(Scraped caption text data)
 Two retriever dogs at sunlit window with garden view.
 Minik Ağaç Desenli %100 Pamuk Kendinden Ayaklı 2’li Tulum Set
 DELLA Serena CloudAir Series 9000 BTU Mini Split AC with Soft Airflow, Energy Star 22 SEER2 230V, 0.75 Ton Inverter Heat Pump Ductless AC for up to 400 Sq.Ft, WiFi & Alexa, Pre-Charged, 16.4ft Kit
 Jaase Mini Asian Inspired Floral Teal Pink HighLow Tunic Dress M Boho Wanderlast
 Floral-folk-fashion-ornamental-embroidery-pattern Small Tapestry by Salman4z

---

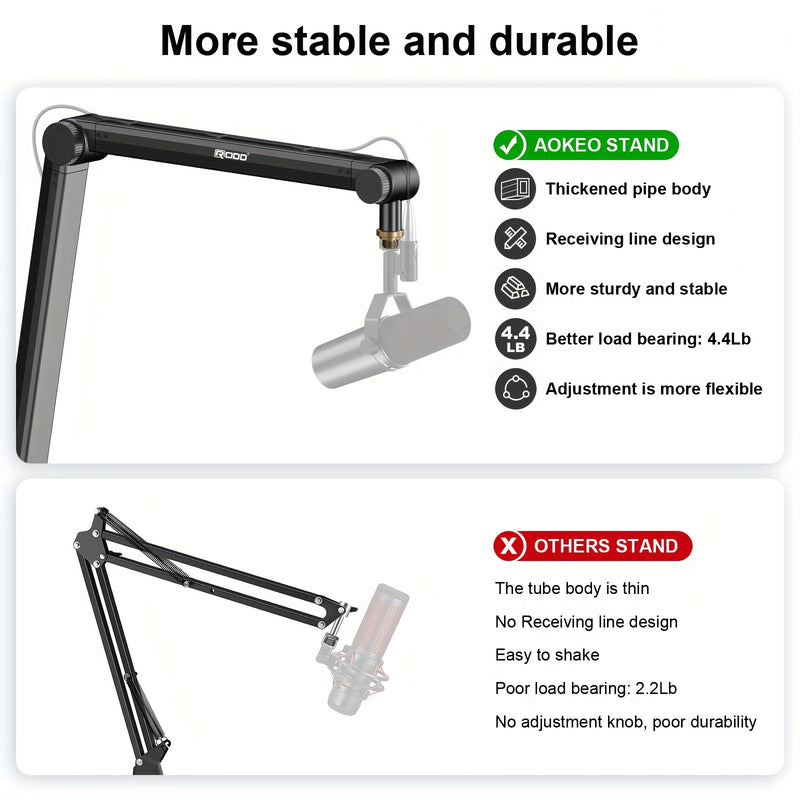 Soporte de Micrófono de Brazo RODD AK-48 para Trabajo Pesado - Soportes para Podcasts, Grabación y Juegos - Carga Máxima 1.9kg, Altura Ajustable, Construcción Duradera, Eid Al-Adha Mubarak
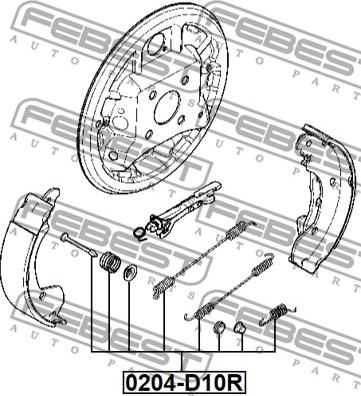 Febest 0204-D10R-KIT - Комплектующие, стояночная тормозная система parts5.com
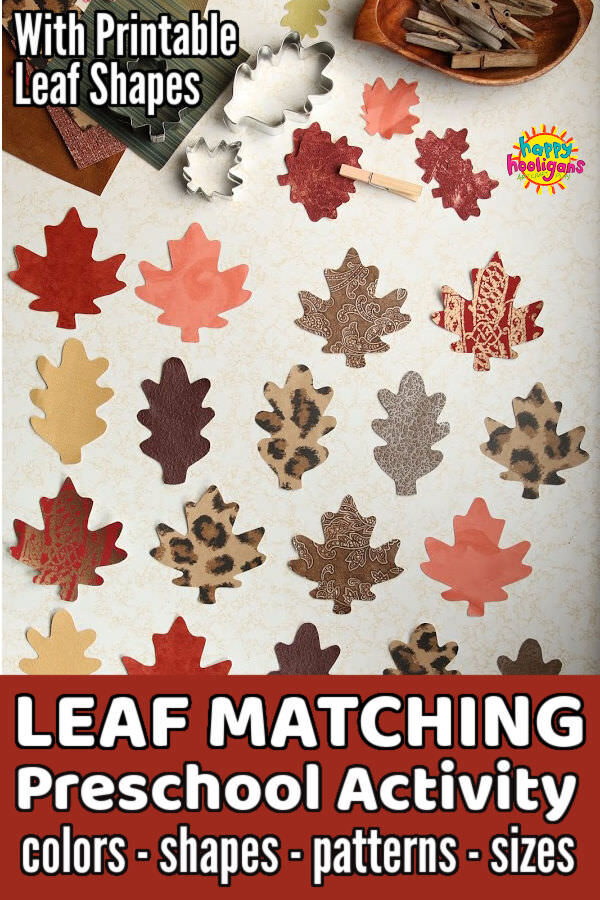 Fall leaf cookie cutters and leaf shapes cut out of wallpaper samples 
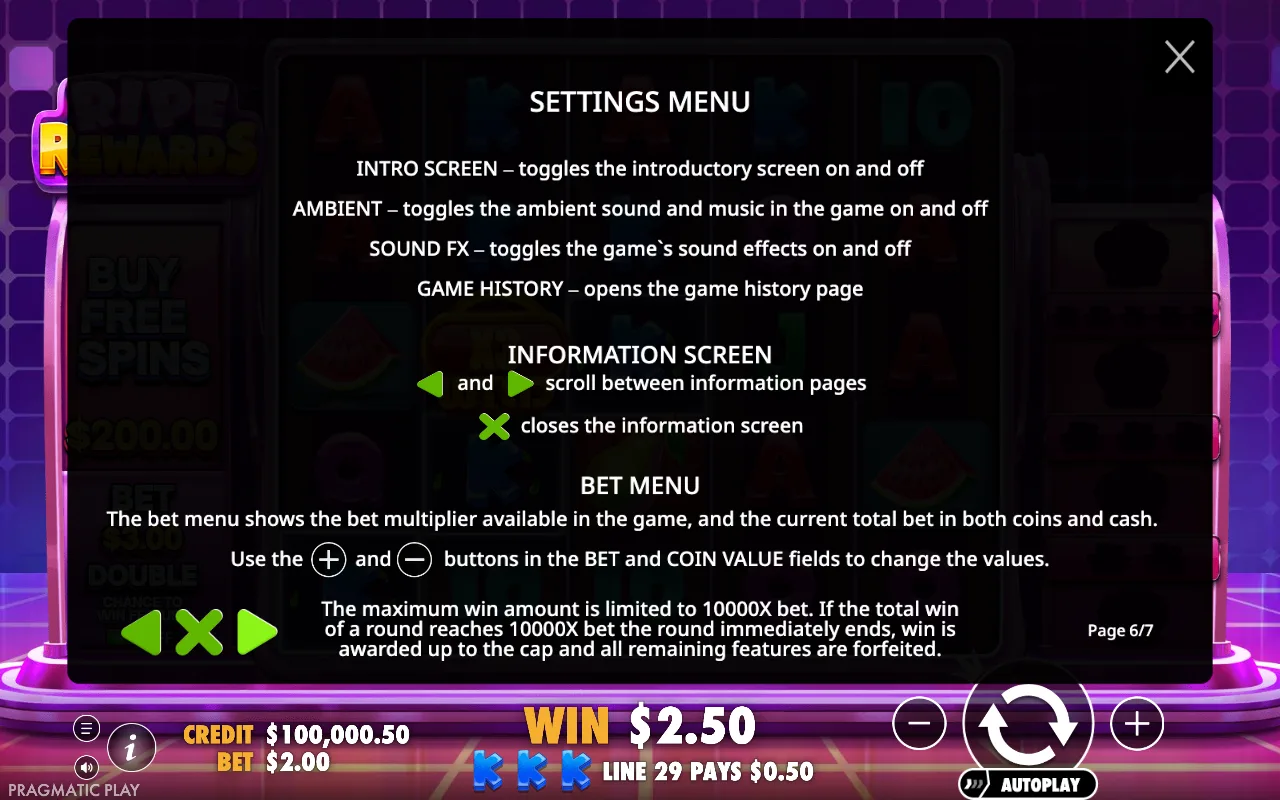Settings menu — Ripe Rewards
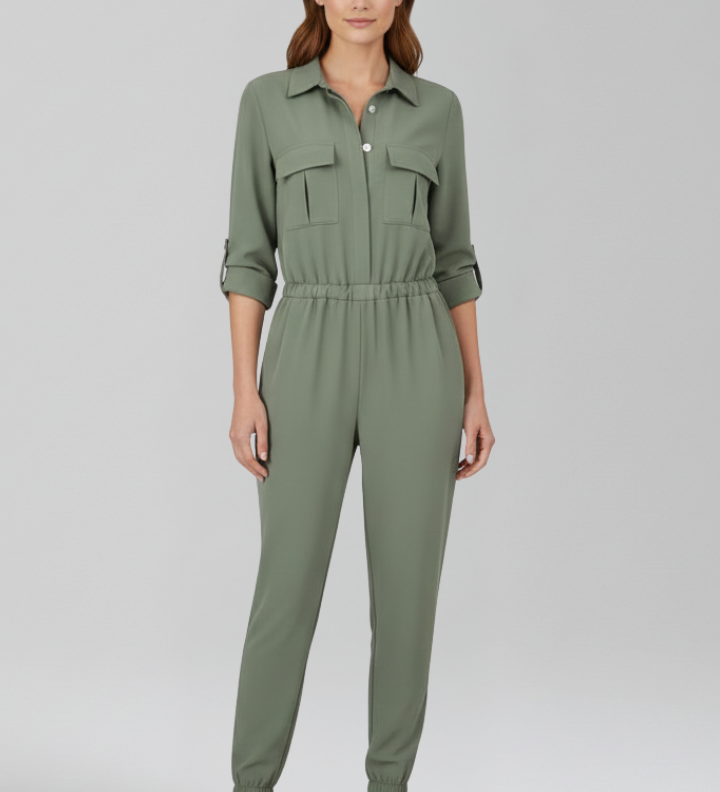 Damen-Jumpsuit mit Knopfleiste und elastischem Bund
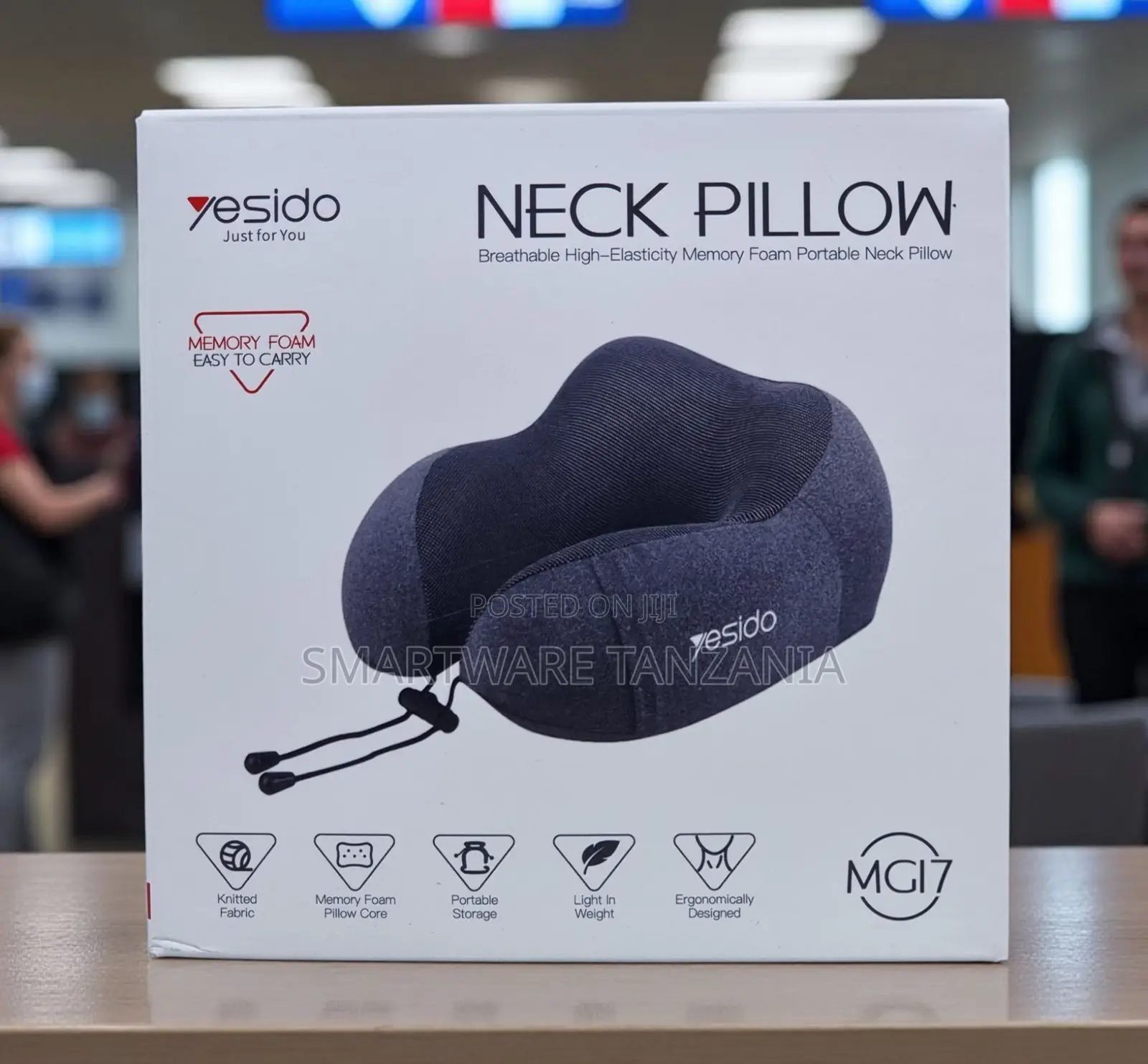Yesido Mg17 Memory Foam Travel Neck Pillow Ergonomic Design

--

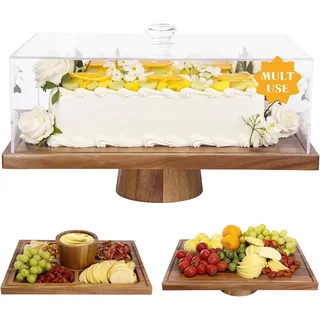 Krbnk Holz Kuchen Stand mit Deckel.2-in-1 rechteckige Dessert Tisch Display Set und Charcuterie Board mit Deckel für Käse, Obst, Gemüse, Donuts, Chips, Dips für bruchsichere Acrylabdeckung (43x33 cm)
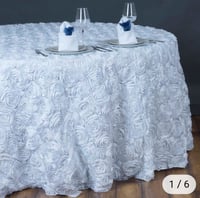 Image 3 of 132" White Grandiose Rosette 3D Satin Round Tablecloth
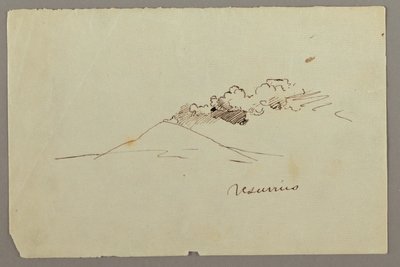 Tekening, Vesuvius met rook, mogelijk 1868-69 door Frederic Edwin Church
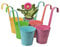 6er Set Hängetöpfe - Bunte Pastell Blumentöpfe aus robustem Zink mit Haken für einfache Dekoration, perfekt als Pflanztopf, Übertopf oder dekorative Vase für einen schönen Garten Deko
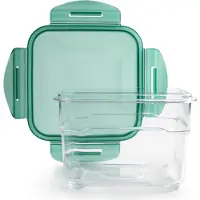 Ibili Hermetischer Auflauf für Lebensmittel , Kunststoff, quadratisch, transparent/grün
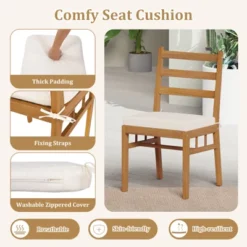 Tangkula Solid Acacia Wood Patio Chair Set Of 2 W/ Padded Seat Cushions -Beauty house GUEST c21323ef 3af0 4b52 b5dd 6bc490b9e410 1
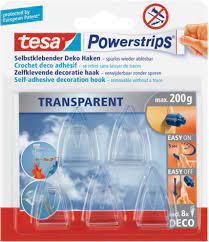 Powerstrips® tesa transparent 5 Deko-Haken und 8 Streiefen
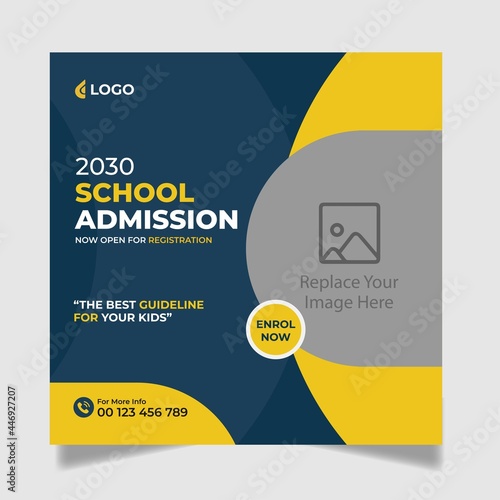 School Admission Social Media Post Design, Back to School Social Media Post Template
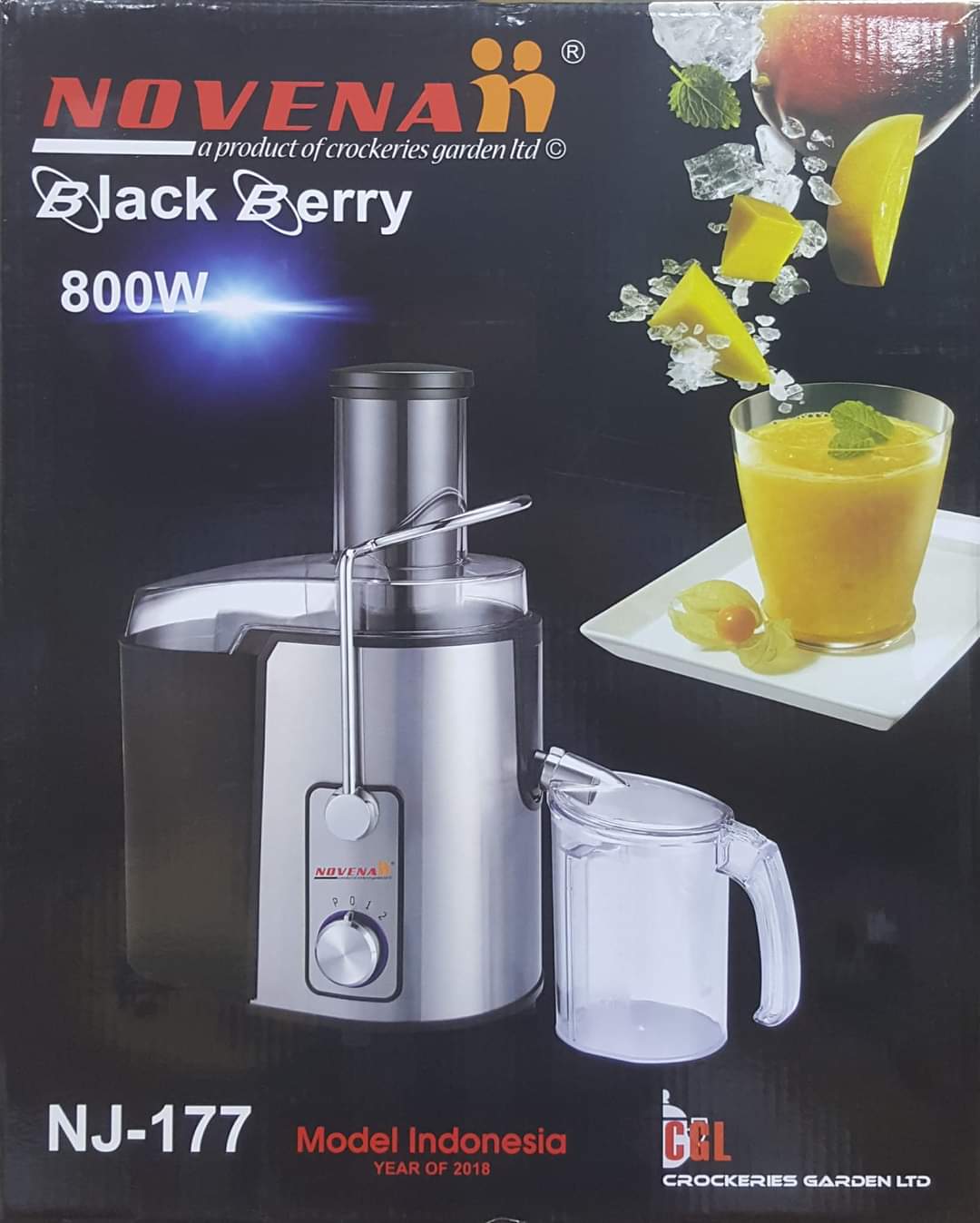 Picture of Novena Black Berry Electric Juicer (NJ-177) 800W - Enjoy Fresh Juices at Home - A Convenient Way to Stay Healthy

• [What is expected]
All pictures are to be skipped. Output, word for word, the lines in the data above starting at the line containing "School Admission Social" and ending at the line containing "Picture of Novena".

• [Task result]
 School Admission Social Media Post Design, Back to School Social Media Post Template
 Picture of Novena Black Berry Electric Juicer (NJ-177) 800W - Enjoy Fresh Juices at Home - A Convenient Way to Stay Healthy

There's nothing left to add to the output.